Intervenez-vous autour de Paris, Saint-Denis, Argenteuil et Nanterre ?
Le secteur annoncé couvre Paris, Saint-Denis, Argenteuil, Nanterre et des communes voisines comme Asnières-sur-Seine, Colombes, Courbevoie, Levallois-Perret, Clichy, Saint-Ouen-sur-Seine, Épinay-sur-Seine, Sartrouville, Gennevilliers ou Rueil-Malmaison. Sur ce périmètre, le prix peut varier selon l’accès à l’immeuble, le stationnement, la hauteur et les règles de copropriété. Pour une façade ou un appartement complet, ces contraintes logistiques ont un impact réel sur le devis.
La TVA sur des travaux de peinture est-elle à 10 % ou à 20 % ?
À titre général en France métropolitaine, la rénovation d’un logement d’habitation achevé depuis plus de 2 ans relève souvent du taux de TVA de 10 %. Le taux normal de 20 % reste la règle sur le neuf, l’agrandissement ou certains cas exclus. Il existe aussi des situations où des reprises de peinture directement induites par des travaux d’amélioration énergétique passent à 5,5 %. Le bon taux dépend du cadre fiscal exact; il doit être vérifié au devis.

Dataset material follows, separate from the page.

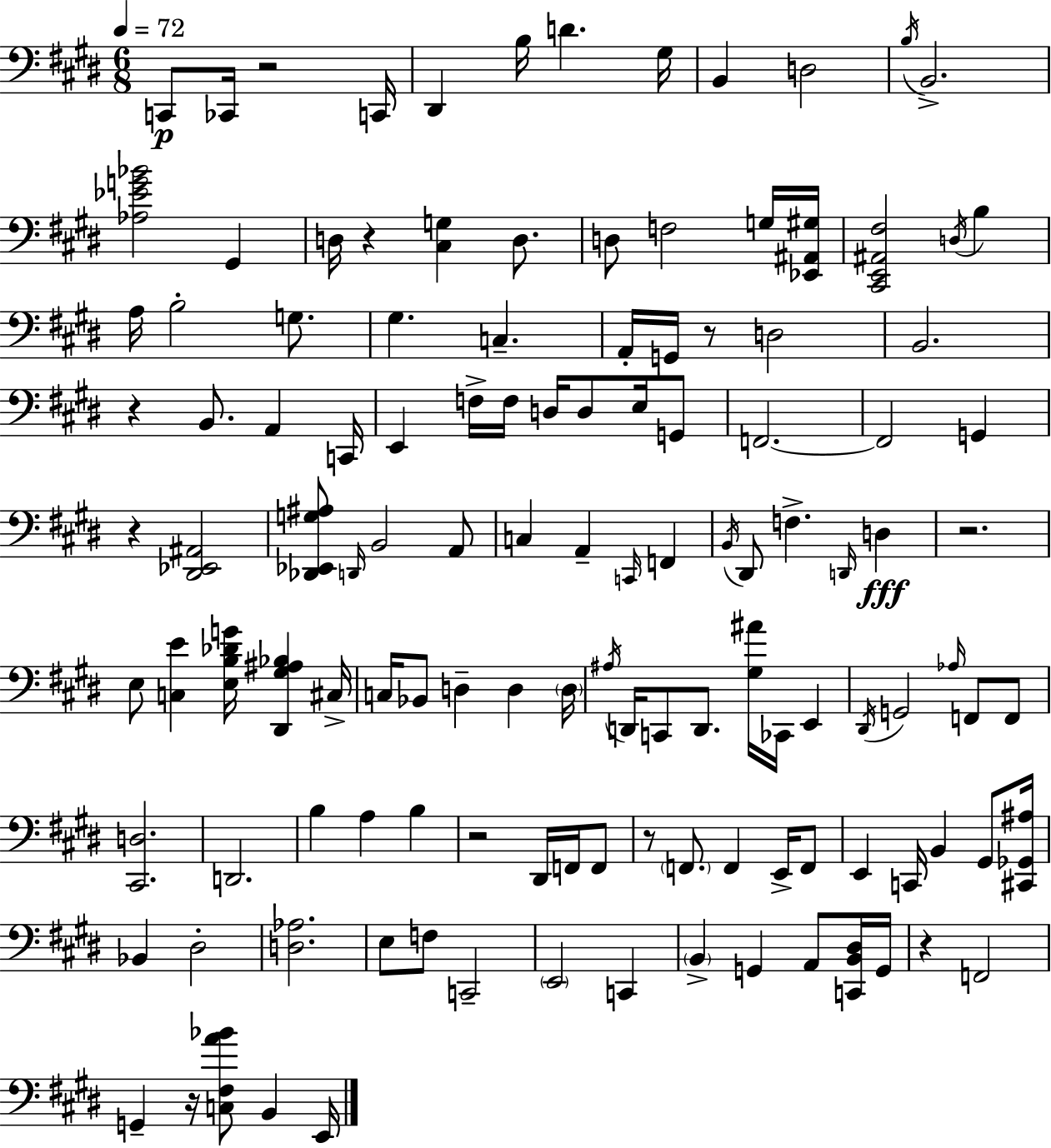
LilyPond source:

Faut-il un diagnostic plomb avant de poncer dans un logement ancien ?
Dès qu’on intervient dans un bâtiment d’habitation construit avant le 1er janvier 1949, la question doit être posée sérieusement. Les anciennes peintures peuvent contenir du plomb, et le risque augmente au grattage, au ponçage ou à la dépose. Le sujet concerne la santé des occupants et des intervenants. En cas de doute, mieux vaut vérifier avant travaux que découvrir le problème une fois la poussière dispersée dans le logement.
Une peinture monocouche suffit-elle vraiment ?
En pratique, rarement sur un chantier de rénovation exigeant. Sur le marché, “monocouche” décrit souvent un pouvoir garnissant, pas la promesse d’un résultat fini en une seule passe sur tout support. Dès qu’il y a reprise d’enduit, fond hétérogène, teinte soutenue, plafond taché ou contraste important, l’impression puis deux couches restent le scénario fiable. Vouloir gagner une couche coûte souvent plus cher en retouches, en reprises d’embus ou en manque d’opacité.
Peut-on repeindre une façade en plein été ou juste avant la pluie ?
Mauvaise idée. Une façade se traite sur support sec, hors pluie, hors gel, sans rosée et sans forte chauffe du mur. Un support brûlant en plein soleil tend à faire tirer trop vite le film; la pluie ou l’humidité forte perturbent séchage et adhérence. Le bon créneau dépend de l’orientation, du vent, de la température réelle du support et non seulement de la météo générale. C’est souvent ce qui explique les reports de chantier extérieur.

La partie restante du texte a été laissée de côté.